Setiap pembangunan merupakan bagian pengadaan. Dalam pembangunan amatlah rentan bukan hanya berpeluang
korupsi bahkan disusupi oleh banyak mafia. Hal ini dapat kita lihat dalam banyak proyek pengadaan
dalam dunia pendidikan seperti BOS atau kapitalisasi kesehatan seperti BPJS.
mari kita lihat bersama. Dalam
hal pembangunan PLTA Peusangan periode lanjutan ini yang didanai oleh PT.
Wijaya Karya dan Hyundai juga berpotensi demikian. Pembangunan PLTA ini yang
sempat terhenti karena beberapa hal termasuk konflik dan gempa. Berikut saya
kutip pernyataan Weddy GM PLN;
"Kami
harus melakukan studi ulang pembangunan PLTA Peusangan pasca gempa di Aceh
Tengah, yang terjadi beberapa tahun lalu. Sebagian besar pembangunan proyek ini
berada di bawah tanah, jadi harus benar-benar didukung dengan hasil kajian dan
perencanaan yang sempurna. Kami mendesain ulang pembangunannya,"

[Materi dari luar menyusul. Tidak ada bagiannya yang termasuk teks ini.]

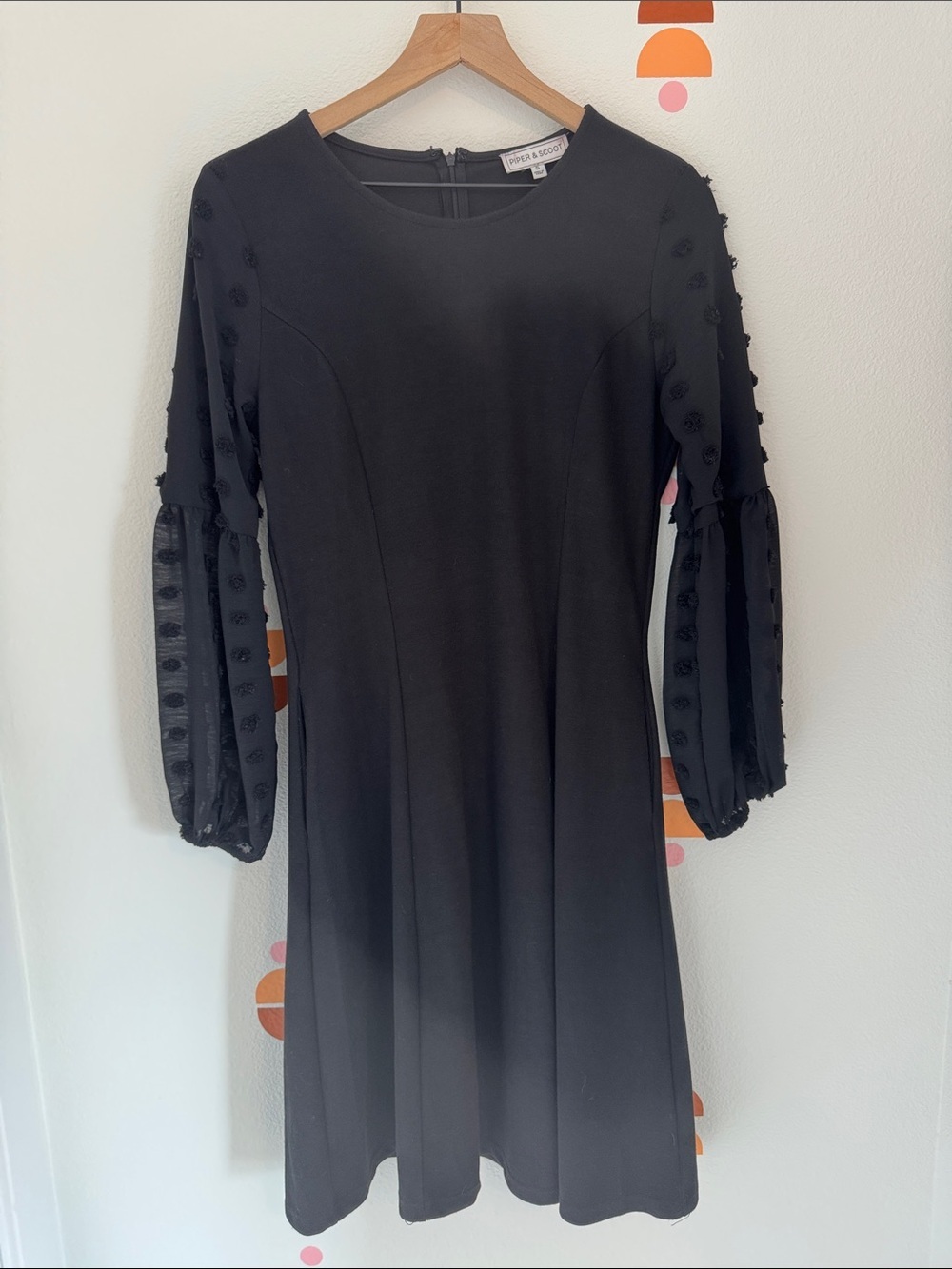 Black Long-Sleeve Puff-Sleeve Dress N0122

Jika karena konflik, damai Aceh setelah penandatanganan MoU pada 15
Agustus 2005 kita sudah 13 tahun lamanya. Begitu juga dengan gempa Gayo yang
terjadi pada 2013 yang lalu artinya hampir 5 tahun berlalu dan pembangunan ini
tidak juga selesai. Mengapa demikian?
Ada banyak pertanyaan melintas di pikiran kita yang penuh kekhawatiran
ini. Diantaranya, sebagai
wilayah bencana, apakah proyek itu dibangun di kawasan patahan gempa? Jika ya,
apakah pendiri proyek sudah tahu dan tetap diteruskan? JIka tidak, tampaknya tidak
mungkin sebab mereka tidak segoblok itu apalagi dengan dukungan oleh uang dan
para ahli. Kenapa proyek tidak rampung-rampung? Pendanaan yang multi years itu
lebih enak dikorupsi kah? Atau apa alasannya? Berapa tahun fase konstruksi yang
direncanakan sebenarnya? Terakhir, sudahkah sinkronisasi dengan wilayah rawan?
Agar tidak menjadi fitnah yang tidak berkesudahan dan
berakibat fatal maka diperlukan beberapa hal yakni material trial (dokumen) misalkan
AMDAL dan kawan-kawannya serta site trial sebab saya sendiri belum pernah
berkunjung kesana. Jika ada yang berkenan mengajak, dengan senang hati. Dari sana
(peninjauan dokumen dan tempat) barulah kita dapat menyelesaikan pertanyaan
awal dari tulisan ini. Pantaskah pembangunannya dilanjutkan?